Wednesday, December 15, 2010

My Host Family


Host families are given to almost every single Peace Corps trainee during their training period.  In most cases, the trainee lives with the family for the three month training period.  Our training group is not living with our host families; instead, we are living in group houses with LCFs (language coordinator and facilitators, which is a Rwandan that speaks fluent English).  The reason for group houses instead of living with host families is largely due to the logistics of housing a huge training group living with seventy different families. 

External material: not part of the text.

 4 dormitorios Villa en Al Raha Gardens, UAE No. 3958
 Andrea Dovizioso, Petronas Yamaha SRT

Typically, we go to our host families twice a week for dinner.  If there are any family events (dowry ceremonies, weddings), we usually attend these too.  Most of the trainees have been to their host family’s church and visited distant host family relatives.

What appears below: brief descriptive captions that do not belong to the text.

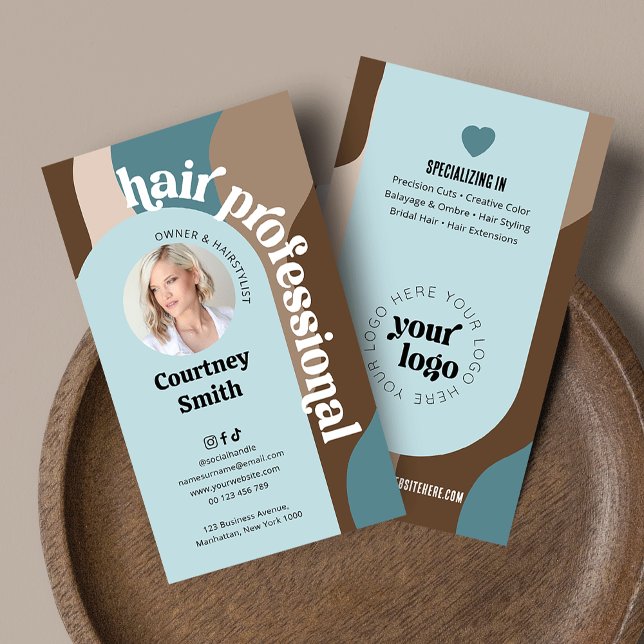 Trendy Retro Blue & Taupe Hair Stylist Salon Foto Visitenkarte (Trendy hair professional business cards with custom photo and retro fonts and your logo)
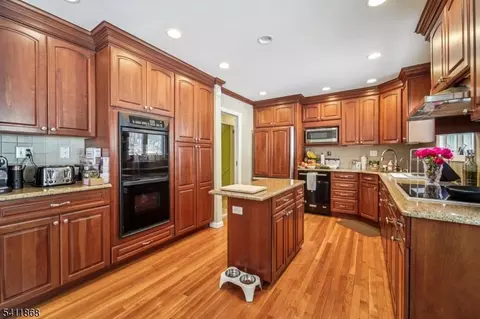 406 Indian Rd, Wayne, NJ 07470 photo 15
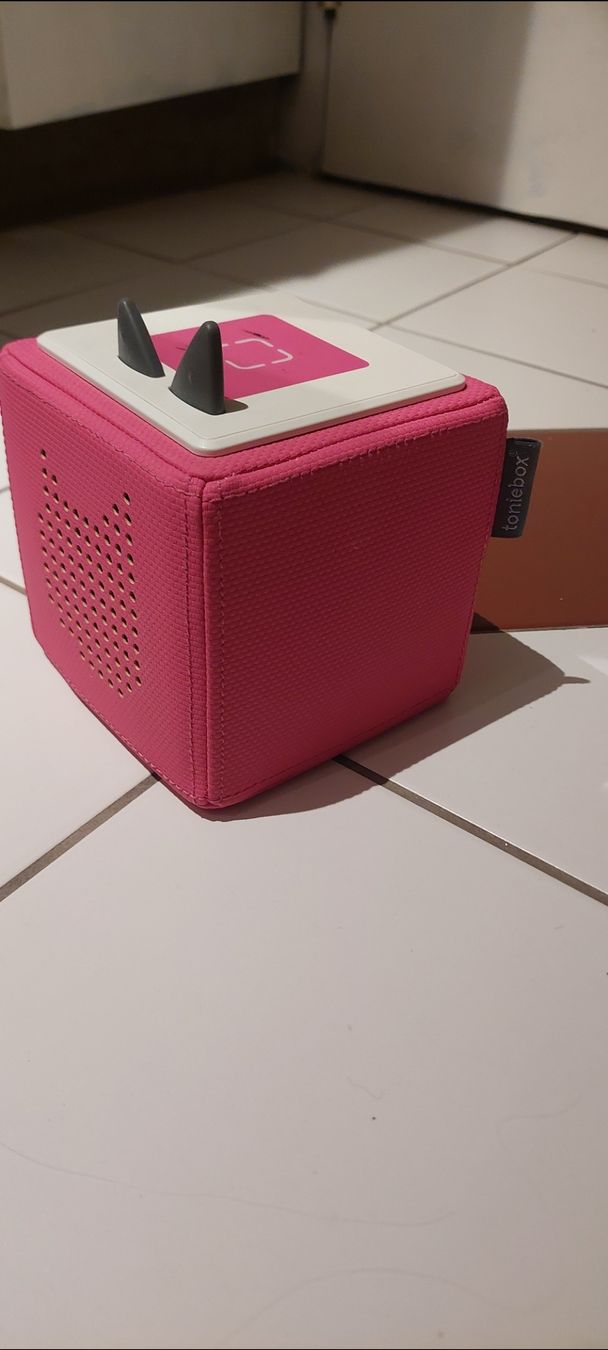 Hörbücher: Toniebox Audiosystem pink defekt – Defekt aus Flawil von Hunterz32 1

The purpose of having a host family is to adjust the trainees to the family life, culture, cooking, and language of Rwanda.  The Peace Corps believes that the best way for trainees to learn and adjust is through complete immersion.  The family is the cornerstone of this cultural training. 

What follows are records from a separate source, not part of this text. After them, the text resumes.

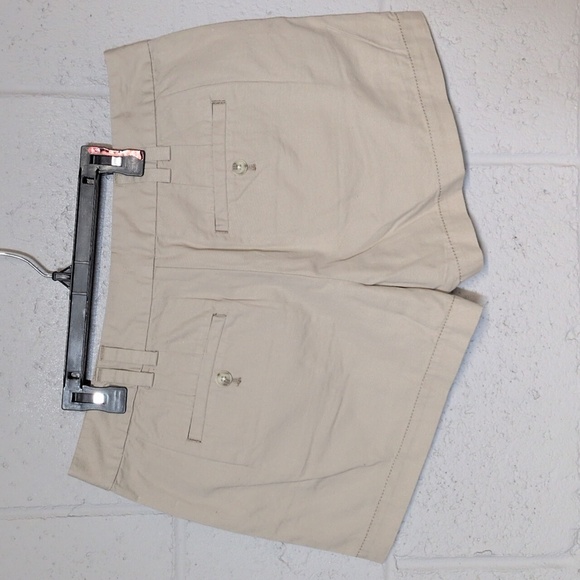 Bundle of Women's Ann Taylor LOFT Chino Shorts, White/Khaki, Size 8 NWT, Coastal - Picture 2 of 7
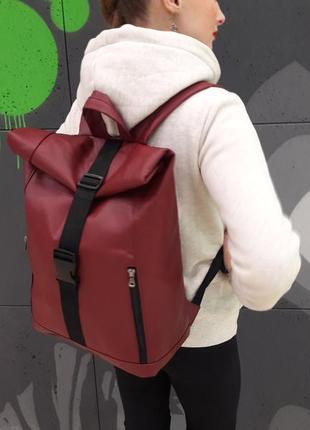 Рюкзак для твоїх подорожей від бренду sambag колекції rolltop one в бордовому кольорі5 фото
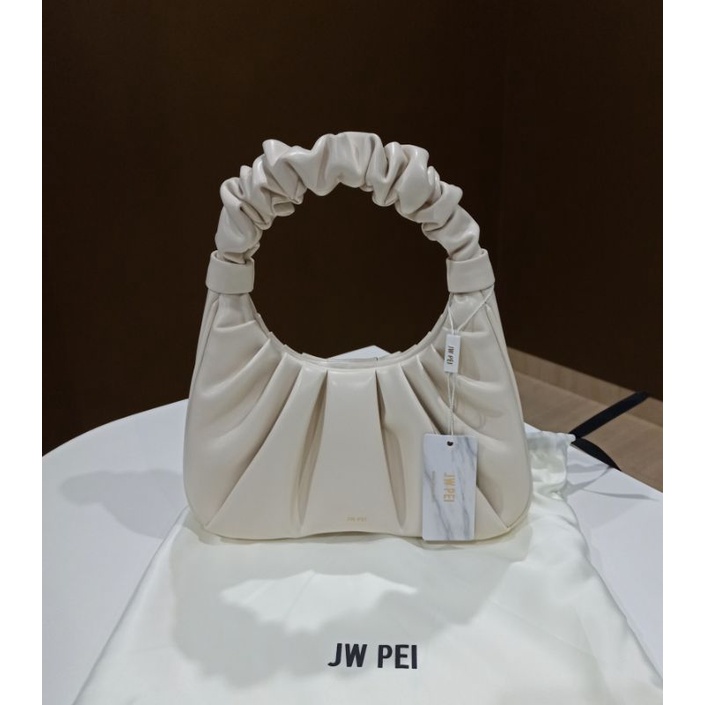JW pei gabbi bag ivory ready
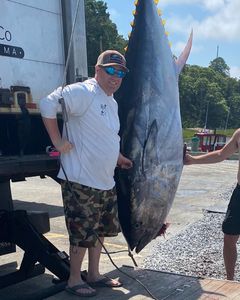 Hooked on Tuna Fishing! Great day!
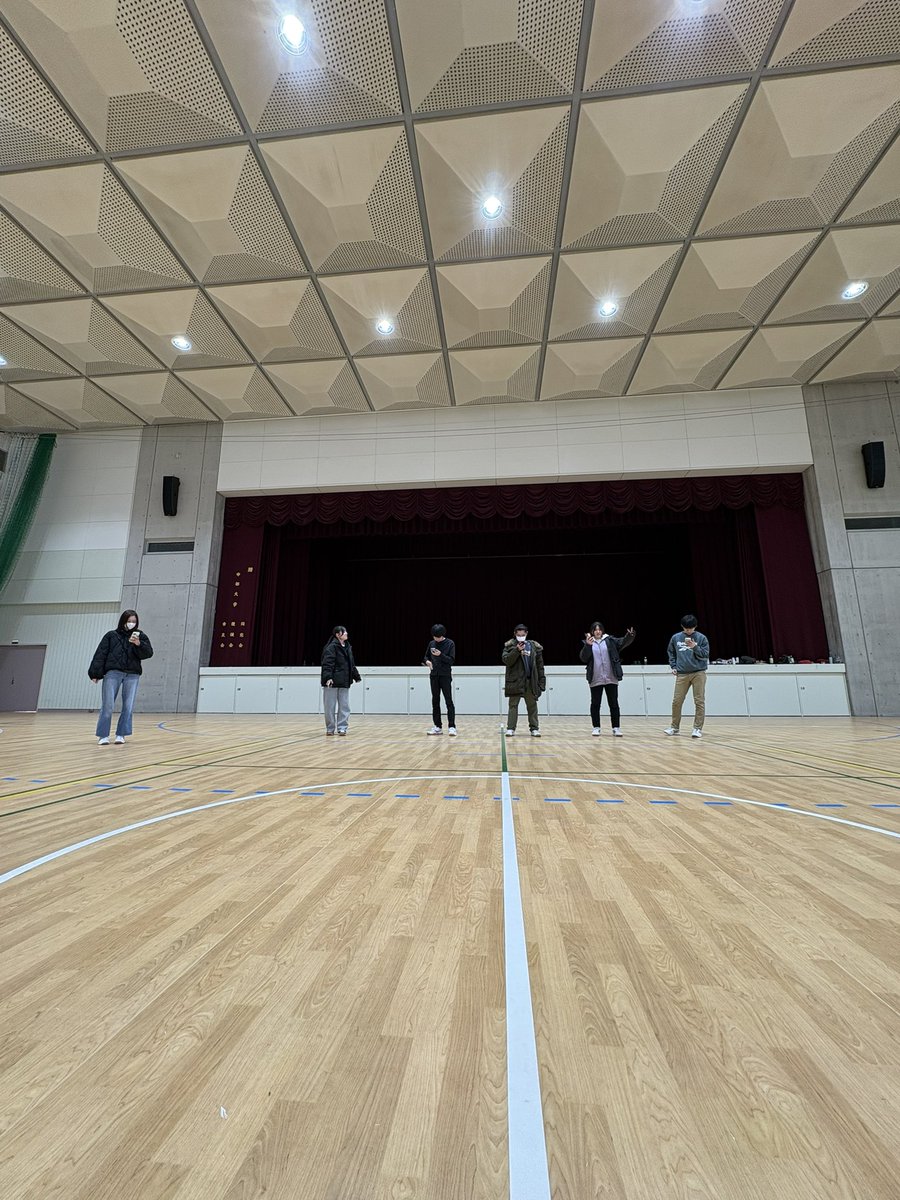 FreshManCamp_'s tweet photo. 2月3日活動してました！
午後からは体育館を貸切、ゲーム案の練習をしました！
活動終わりには節分の日だったので豆まきをしました！
モンキーがわざと行事ごとと被せて活動日程組んでるんですけど、後輩たちからいじられました笑
👹🐒の誕生です。 https://t.co/4vJe9ZY5Dy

My host dad, Alexis, is a principal for an elementary school.  This elementary school also hosts a Protestant mass on Sundays, and holds my dad’s three cows and multiple rabbits.  Typically, it takes about an hour to walk from his house to the school.  Every day, he walks one hour up and down various hills to go to school, and then walks one hour back to home.  This doesn’t include walks into town or to the markets.  I estimated that Alexis walks at least seven miles per day.  Furthermore, Alexis’s daughters walk almost daily to the school to milk the cows, and return to the house holding two five-gallon containers of milk for the entire walk back.  Impressive.
Alexis has a wife, Soranje, who takes care of the children and house.  Together they have three boys (Marcel, Billy and Viki) and three girls (Esperanz, Reyez, and Bela).  Six children is a lot in post-genocide Rwanda, but not an unusual number of children. 
The two pictures are of me with Soranje and Alexis at a wedding, and me with Alexis and his cows at his school.  I milked the cows rather unsuccessfully, but it was a great time.  Enjoy.

1 comment:

  1. Impressive that his daughters carry two five- gallon jugs of milk an hour back to their house. If we could only get Indiana folk to get off their butts to simly walk a mile the world would be a much better place as well as easier on the eyes!